- Input data:

--

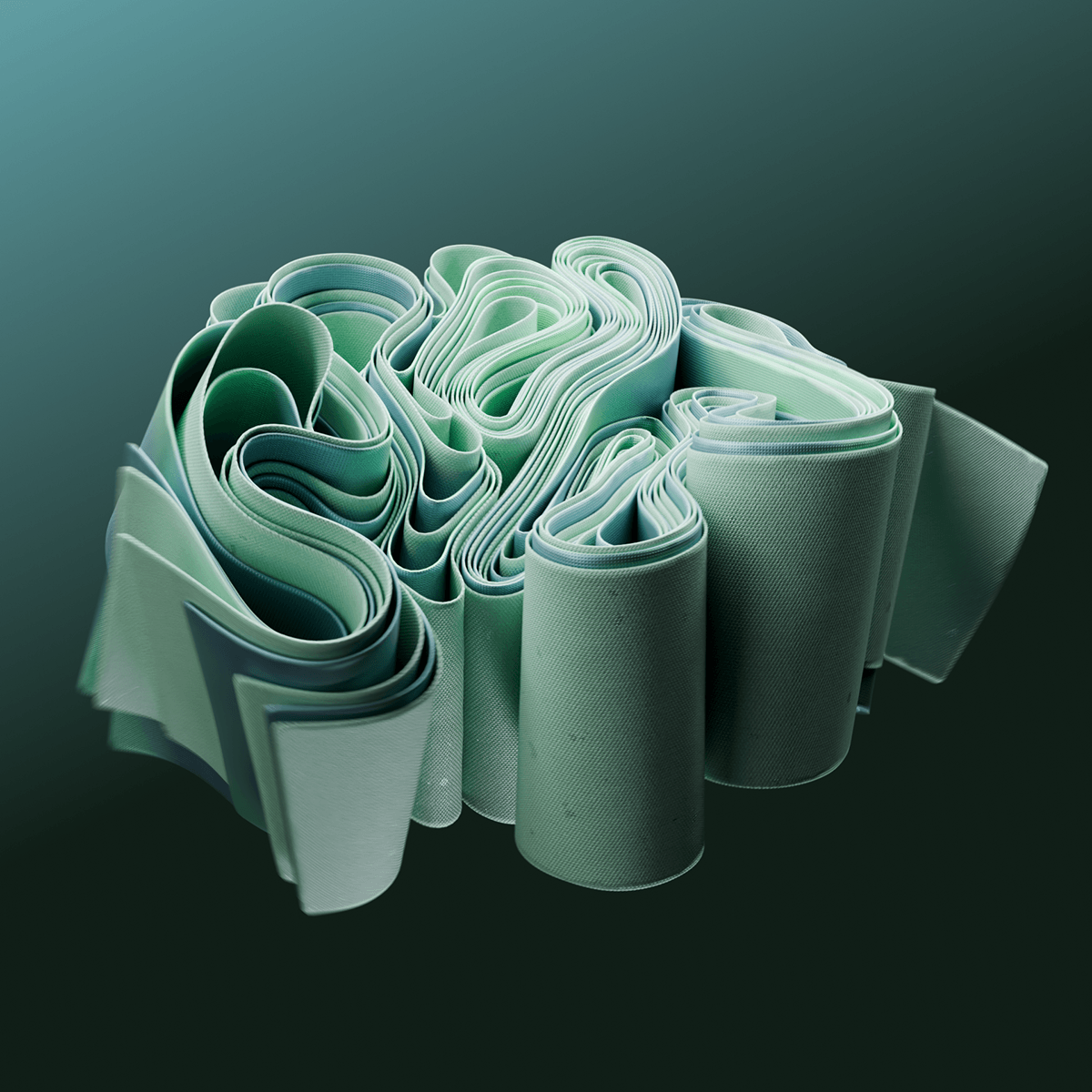 study cloth houdini — Изображение №2 — 3D на Dprofile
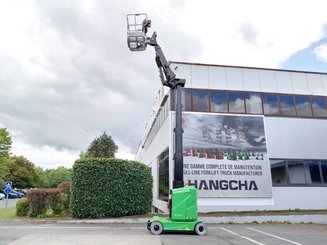Navicella a gruppo di sollevamento verticale Hangcha HV120AJ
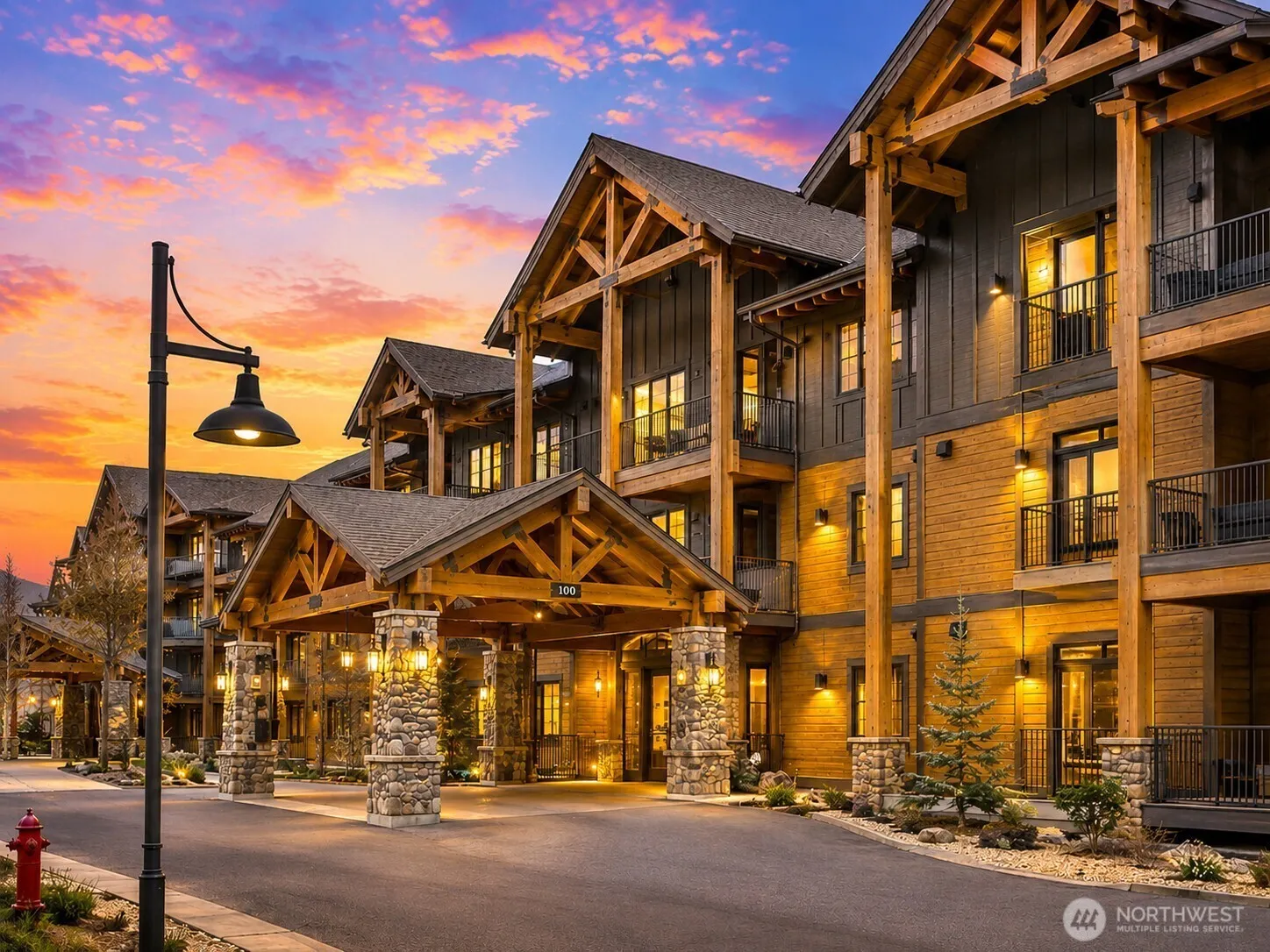 Property photo for 3770 Suncadia Trail #110, Cle Elum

--

- Task item:
Pictures do not go in the copy. Write out exactly the lines from the line containing "Navicella a gruppo" through the last line of the listing.

- Result below:
Navicella a gruppo di sollevamento verticale Hangcha HV120AJ
 Property photo for 3770 Suncadia Trail #110, Cle Elum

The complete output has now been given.